Santa Monica is in fact home to one of most iconic beaches in California. But did you know that Santa Monica is also home to eight different neighborhoods all with their own personality? Below we give you a rundown of every neighborhood, how the neighborhoods differ, and what you can expect from visiting each. By Spencer Spellman
Downtown Santa Monica is one of the most vibrant neighborhoods in Santa Monica, largely because it’s home to the Third Street Promenade and Santa Monica Place, two of the largest shopping areas in Santa Monica. The weekend finds the Third Street Promenade bustling with foot traffic of both locals and travelers. However, while Downtown Santa Monica is home to the highest concentration of shops, restaurants, and hotels in town, it also gives off a local vibe with its twice-weekly farmers market on Wednesday and Saturday mornings and lively street performers.
Santa Monica’s Main Street bears the laid back artsy side of Santa Monica, a side of the city that has been characterized by a local, surf vibe for years. Consider the many art galleries and attractions such as the Edgemar Center for the Arts and Mindfulnest, which is one-part art gallery, one-part shop. Main Street also recently has seen an influx of international restaurants, such as the recently opened Jinya Ramen Bar and Aussie Pie Kitchen, and is home to one of the highest concentrations of coffee shops in Santa Monica. A variety of different boutique shops are scattered along Main Street and a weekly farmers market takes place every Sunday.
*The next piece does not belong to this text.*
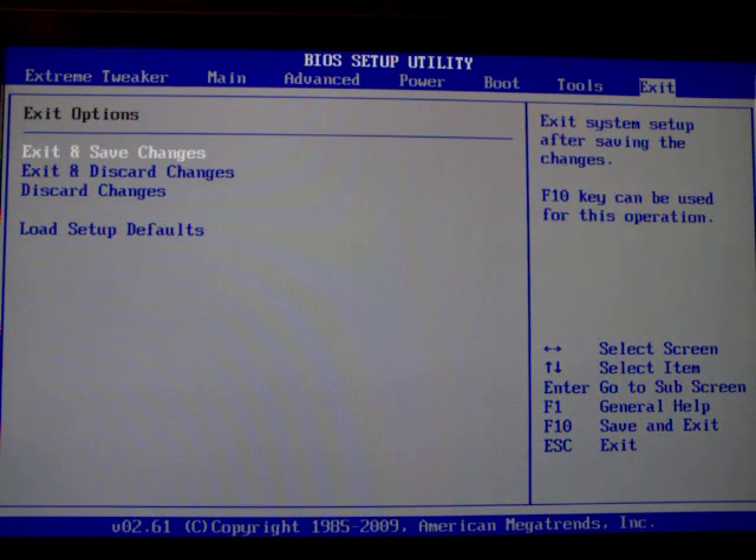That's about it — that's the exit values and exit settings, pretty self-explanatory. The rest — the overclocking — I'll be back with that in video number two.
The furthest inland neighborhood in Santa Monica is known as Mid-City. This is the arts and entertainment hub of Santa Monica, and is home to a number of the largest entertainment companies. Mid-City also is where you’ll find one of the largest contemporary art collections in Los Angeles, Bergamot Station, which was formerly a railroad station but now houses a plethora of different art galleries. Some of Santa Monica’s best restaurants are in Mid-City, including Melisse, which recently won two Michelin stars.
While the Third Street Promenade is the most vibrant shopping area of Santa Monica, Montana Avenue emits a more high end and local shopping atmosphere along its tree-lined streets. Though this is a largely residential section of Santa Monica, there are more than 150 boutique shops and restaurants lining the 10-block destination. There aren't hotels on Montana Avenue, but the neighborhood is convenient to Downtown Santa Monica and is within walking distance of most hotels there or by bike or the Big Blue Bus, which runs between the Green Line Metro's Aviation Station and downtown Santa Monica, with a number of different stops.
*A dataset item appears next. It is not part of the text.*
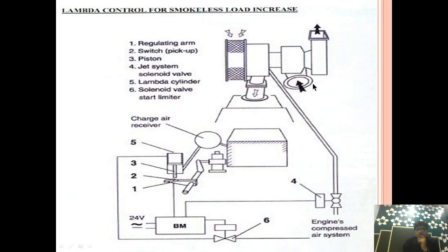Let me familiarize you with this diagram. This is the inlet to the turbocharger — exhaust coming out from the individual units is going here. After the turbine gets the necessary drive using the exhaust energy, this is the exhaust outlet. On the other end, this is the compressor side. Air takes suction from the filter, and after being compressed by the compressor, it goes to the charge air receiver or scavenge manifold.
Running southeast from the Santa Monica Pier is Ocean Park. That local, artsy aesthetic of Main Street extends here, comprising independent coffee shops, boutique stores, and art galleries. Located just east of Ocean Park is the Santa Monica Airport. Not only is this a working airport for private jet owners, but it also is the location of the Museum of Flying, which features numerous aircraft and artifacts, including a Wright Flyer replica and World War II planes, and adjacent to the Spitfire Grill.
Running parallel to I-10 is perhaps the most ethnically diverse neighborhood in Santa Monica: Pico. The people here can vary, from college students strolling in and around Santa Monica College to locals popping in and out of the clothing boutique shops, record stores, and art galleries. Saturday mornings on Pico feature a smaller, more local farmers market than the Downtown Santa Monica Farmers Market; the Pico iteration usually comprises no more than 30-40 local farmers.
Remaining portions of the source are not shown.